[Date Prev][Date Next][Thread Prev][Thread Next][Date Index][Thread Index]

MPI_FINALIZE



A few points:

1. Implementing the change in MPI_FINALIZE to make it collective over "the
union of all processes that have been and continue to be connected" is a
non-trivial distributed algorithm, since it is essentially a barrier over
potentially unrelated and not-directly-connected processes.

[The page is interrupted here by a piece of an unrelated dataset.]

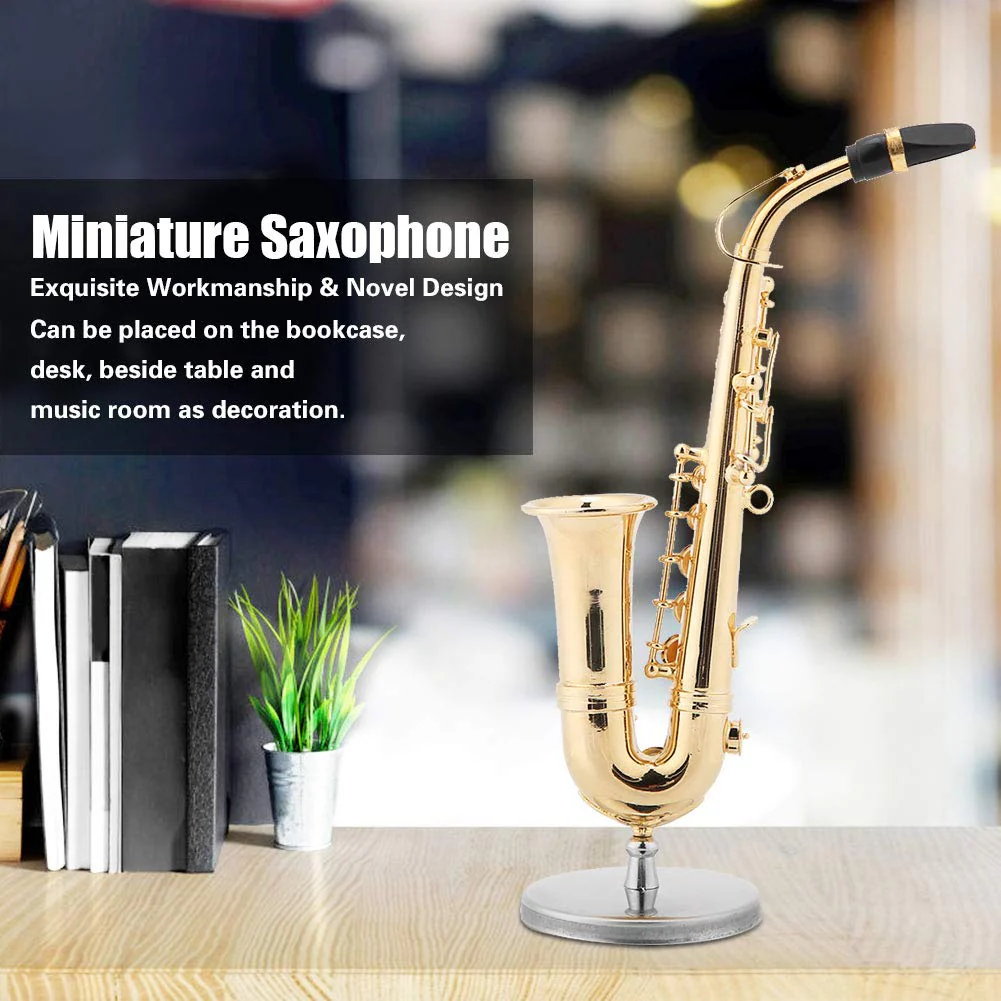 Miniature Alto Saxophone Delicated Gold Plated Mini Instrument Ornament with Case, and Decoration Saxophone Model Mini Musical 14cm Miniature Alto Saxophone Replica - Image 2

2. Is there a difference between "have been and continue to be connected"
and "are connected"?

3. This change can potentially drastically change the semantics of
currently-valid MPI programs.

As one example: currently-valid "task-farm" programs may unintentionally
cause a lot of "zombied" MPI processes that are simply waiting for an
MPI_FINALIZE from their ancestor(s).  Consider what happens if a root
process continually spawns short-lived MPI processes to perform some task
in a "fire and forget" kind of model.  The short-lived child processes
could previously invoke MPI_FINALIZE and die.  With the proposed change,
the short-lived processed will now block waiting for the parent to invoke
MPI_FINALIZE as well.

This program can be fixed by having the root and child processes invoke
MPI_COMM_DISCONNECT right after spawning (or after whenever the last
message between the root and children finishes) so that the child can
MPI_FINALIZE by itself, and then die.

But my concern is backwards compatibility: we have no idea how many
programs exist that rely on MPI_FINALIZEing over just MPI_COMM_WORLD.
Changing the spec now could cause unintended side-effects in
currently-valid MPI programs.

{+} Jeff Squyres
{+} jsquyres@lam-mpi.org
{+} http://www.lam-mpi.org/